Quand la Chambre refuse d’ouvrir…
Cet aspect de chose a été évoqué au sujet de la bancarisation de la Fonction publique, à tel enseigne que le président de l’Assemblée nationale, la Chambre basse du Parlement r-dcongolais, Aubin Minaku, avait, urbi et orbi, déclaré que la bancarisation de la paie de la Fonction publique ferait l’objet d’un «contrôle systématique». Le speaker de la Chambre basse avait, pour ce faire, convié les élus à fouiner en profondeur dans les dépenses du personnel de l’Etat dans le cadre du contrôle parlementaire. Mais à brûle-pourpoint, la chambre fait girouette, le sujet est caviardé de son canevas. Alors qu’il pleut des accusations de détournements des fonds destinés à la paie, notamment dans les secteurs de la santé et de l’enseignement de base, impliquant, de l’avis des mouvances syndicales, de plus hauts responsables. Et elles montent dans l’opinion, des allégations inhérentes à des «opérations retour», selon lesquelles certaines banques commerciales retourneraient moyennant commission de substantielles sommes à la BCC car, les effectifs de la Fonction publique seraient vachement gavés. L’enveloppe salariale sur toute l’étendue du territoire national se chiffre, pour l’exercice 2016, à quelque 2.165,9 milliards de FC. Ce poste des dépenses aura donc connu un taux d’accroissement de près de 30% par rapport à 2015 où il s’est chiffré à 1.960,7 milliards de FC, soit plus de 2,100 milliards de dollars. Pour autant, des fonctionnaires dans l’arrière-pays, notamment au Sankuru, disent faire le frais de la bancarisation. Leurs salaires s’en trouvent chaque fois rabiotés. Ce qui ne serait pas tout à fait vrai. Nombre des fonctionnaires, même la capitale, ignor(ai)ent que l’ouverture d’un compte bancaire est payante. L’information, la bonne, n’a pas, au préalable, circulé.
Faut-il pour cela désespérer de l’avenir de notre secteur bancaire ? En réalité, il n’existe pas de risque nul.
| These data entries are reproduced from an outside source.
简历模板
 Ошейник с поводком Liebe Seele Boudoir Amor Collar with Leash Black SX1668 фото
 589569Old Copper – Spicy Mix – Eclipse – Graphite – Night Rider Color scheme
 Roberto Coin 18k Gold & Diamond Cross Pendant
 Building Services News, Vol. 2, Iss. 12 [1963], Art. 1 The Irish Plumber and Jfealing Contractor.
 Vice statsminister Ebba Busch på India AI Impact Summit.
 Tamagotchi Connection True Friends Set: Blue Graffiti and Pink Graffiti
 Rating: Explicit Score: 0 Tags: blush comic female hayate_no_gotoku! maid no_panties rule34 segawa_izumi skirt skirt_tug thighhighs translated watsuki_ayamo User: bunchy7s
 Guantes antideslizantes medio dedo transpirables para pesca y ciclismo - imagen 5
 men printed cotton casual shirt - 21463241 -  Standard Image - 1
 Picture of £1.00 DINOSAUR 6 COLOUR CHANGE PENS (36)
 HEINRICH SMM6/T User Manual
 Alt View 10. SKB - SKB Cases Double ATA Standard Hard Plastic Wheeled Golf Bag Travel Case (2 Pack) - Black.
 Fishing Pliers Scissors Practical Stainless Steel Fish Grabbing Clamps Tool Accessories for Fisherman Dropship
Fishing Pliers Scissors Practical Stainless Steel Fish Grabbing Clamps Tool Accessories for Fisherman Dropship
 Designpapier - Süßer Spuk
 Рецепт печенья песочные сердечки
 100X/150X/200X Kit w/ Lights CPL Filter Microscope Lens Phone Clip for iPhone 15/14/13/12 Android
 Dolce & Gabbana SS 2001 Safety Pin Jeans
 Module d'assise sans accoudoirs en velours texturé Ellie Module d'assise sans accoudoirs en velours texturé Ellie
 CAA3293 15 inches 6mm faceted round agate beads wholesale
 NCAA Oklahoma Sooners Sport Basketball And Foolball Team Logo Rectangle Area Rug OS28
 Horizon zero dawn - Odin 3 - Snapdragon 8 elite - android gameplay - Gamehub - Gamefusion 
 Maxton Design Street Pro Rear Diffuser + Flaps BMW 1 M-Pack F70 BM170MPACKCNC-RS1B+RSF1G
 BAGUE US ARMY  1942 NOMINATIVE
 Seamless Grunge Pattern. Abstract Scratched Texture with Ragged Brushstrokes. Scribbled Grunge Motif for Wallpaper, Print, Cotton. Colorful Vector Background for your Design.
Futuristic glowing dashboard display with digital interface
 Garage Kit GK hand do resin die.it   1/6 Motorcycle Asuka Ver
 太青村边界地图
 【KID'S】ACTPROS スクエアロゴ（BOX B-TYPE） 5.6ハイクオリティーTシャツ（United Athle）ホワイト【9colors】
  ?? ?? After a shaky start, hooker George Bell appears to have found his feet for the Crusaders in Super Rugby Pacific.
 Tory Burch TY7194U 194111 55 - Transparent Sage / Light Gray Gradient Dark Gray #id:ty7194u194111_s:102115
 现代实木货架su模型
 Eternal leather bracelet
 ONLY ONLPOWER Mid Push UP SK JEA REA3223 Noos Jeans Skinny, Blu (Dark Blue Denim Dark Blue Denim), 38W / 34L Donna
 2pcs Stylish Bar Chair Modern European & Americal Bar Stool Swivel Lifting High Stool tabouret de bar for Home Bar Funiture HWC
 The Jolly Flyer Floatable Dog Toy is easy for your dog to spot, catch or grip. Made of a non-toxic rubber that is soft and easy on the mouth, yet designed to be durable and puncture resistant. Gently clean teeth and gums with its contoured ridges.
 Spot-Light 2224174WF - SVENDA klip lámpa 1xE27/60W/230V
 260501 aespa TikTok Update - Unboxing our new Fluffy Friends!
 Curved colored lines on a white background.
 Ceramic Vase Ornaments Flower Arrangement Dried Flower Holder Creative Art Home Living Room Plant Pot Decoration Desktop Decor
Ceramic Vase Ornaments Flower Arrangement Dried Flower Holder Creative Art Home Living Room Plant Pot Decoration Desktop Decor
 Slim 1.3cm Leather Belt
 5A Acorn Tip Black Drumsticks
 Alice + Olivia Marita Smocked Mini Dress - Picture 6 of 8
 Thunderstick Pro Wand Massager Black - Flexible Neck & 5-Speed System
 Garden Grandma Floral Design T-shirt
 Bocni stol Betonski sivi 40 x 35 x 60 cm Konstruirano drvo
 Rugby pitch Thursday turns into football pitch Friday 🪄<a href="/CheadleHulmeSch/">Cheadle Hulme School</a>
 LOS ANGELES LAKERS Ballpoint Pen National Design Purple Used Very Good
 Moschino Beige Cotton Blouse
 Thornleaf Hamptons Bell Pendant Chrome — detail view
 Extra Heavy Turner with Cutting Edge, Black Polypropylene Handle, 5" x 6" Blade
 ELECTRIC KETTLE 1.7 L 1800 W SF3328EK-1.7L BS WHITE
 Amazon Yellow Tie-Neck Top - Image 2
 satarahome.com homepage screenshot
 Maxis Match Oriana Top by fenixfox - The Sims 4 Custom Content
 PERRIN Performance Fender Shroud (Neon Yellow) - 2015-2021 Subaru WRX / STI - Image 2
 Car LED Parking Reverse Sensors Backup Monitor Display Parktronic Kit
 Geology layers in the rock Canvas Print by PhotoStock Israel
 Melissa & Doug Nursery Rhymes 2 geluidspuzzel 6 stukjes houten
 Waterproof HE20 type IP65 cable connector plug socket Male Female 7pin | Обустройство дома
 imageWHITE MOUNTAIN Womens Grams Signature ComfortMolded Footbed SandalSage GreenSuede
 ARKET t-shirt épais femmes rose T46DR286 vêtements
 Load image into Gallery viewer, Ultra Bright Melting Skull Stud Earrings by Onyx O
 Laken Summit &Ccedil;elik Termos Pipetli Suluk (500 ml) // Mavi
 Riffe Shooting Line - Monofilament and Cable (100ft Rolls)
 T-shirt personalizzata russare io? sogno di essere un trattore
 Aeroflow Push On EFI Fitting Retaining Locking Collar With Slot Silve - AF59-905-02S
Ce qui importe, c’est de pouvoir l’identifier, l’évaluer, le prévenir et le maîtriser, déclare M. Kabuya, professeur d’économie bancaire. Fin octobre 2015, la BCC a célébré la journée internationale de l’épargne sous le thème « épargner en RDC pour mon avenir, oui c’est possible». Selon les statistiques datant de fin 2015 livrées par le vice-gouverneur de la Banque centrale du Congo, Jules Bondombe, la RDC compte plus de 11, 4 millions des comptes bancaires.